Sunday, February 3, 2013

Dead on Arrival

 

I had a website from 1998-2002 called Sky-High Picture Show. It was a film review site but with a focus on movies from the '60s, '70s and '80s. In fact, its tagline was, "An in-depth, mostly accurate guide to drive-in movies from the '60s, '70s and '80s."

I did it because I love movies, especially those that aren't necessarily well known or mainstream. I also did it because I thought of myself as a sort of expert, which I'm really not. It was born of obsession and arrogance and when I shut out it's lights, I was relieved.

I found the remnants of Sky-High Picture Show on the Internet Wayback Machine and was thrilled and depressed at the same time. Some of the reviews were okay, fairly well written and observant. Most were not. Most floundered or were simply incorrect.

My thinking, back when I conceived the site, was to be one of those snarky reviewers in the vein of the Medved Brothers' hilarious Golden Turkey Award books that came out in the early 1980s. But that thinking was short-lived as my attempts in that style came off as arrogant and just plain wrong.

I felt stupid writing like that so I decided to write what I truly felt rather than from some sort of false persona. I wrote over 150 reviews, mostly long (750-1,000 words) but some shorter and then attempted to write essays about various thematic issues, subtexts, etc.

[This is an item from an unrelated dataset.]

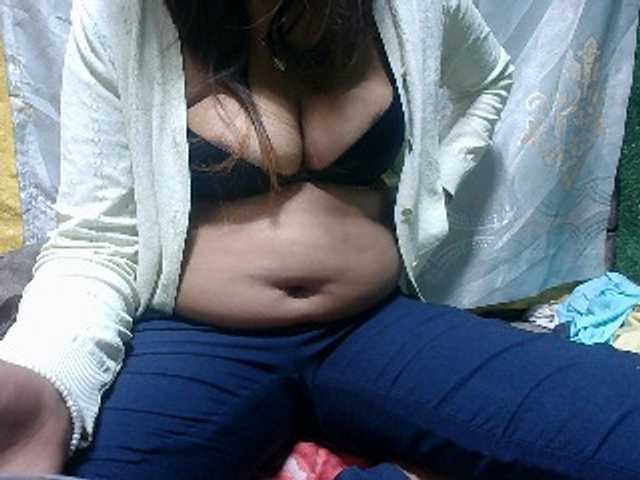 Lutricia live cam on BongaCams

Looking back, I realize I was fairly misguided and struggled to find a voice I was happy with, which is a battle every time I sit down to write anything.

I haven't updated this blog since March of 2012 because of this internal struggle. At work, when I have to write something as simple as a press release, I fill with anxiety. I sweat it. I spend much of the time before writing looking at other pieces of writing to find a jumping point. I look at my own writing from the past to see what I can crib to get started. I procrastinate until there's no time left. Then I write it, edit it, send it off, re-read it, find errors, get depressed, then forget it.

I love writing and hate writing in equal measures. Sometimes I consider it the most noble of arts and other times I think its all bullshit. I wonder at the massive output of some authors, how they can stand doing it at all but I get why they do it.

The fantasy is spending your day writing and making money doing it. What fun!

No, its probably not the healthiest way to attempt to make a living. Its an internal struggle, it messes with your head, bends your mind, keeps you sharp and dulls your inner worth. Isolation.

Imagine that life. You might as well be D.O.A.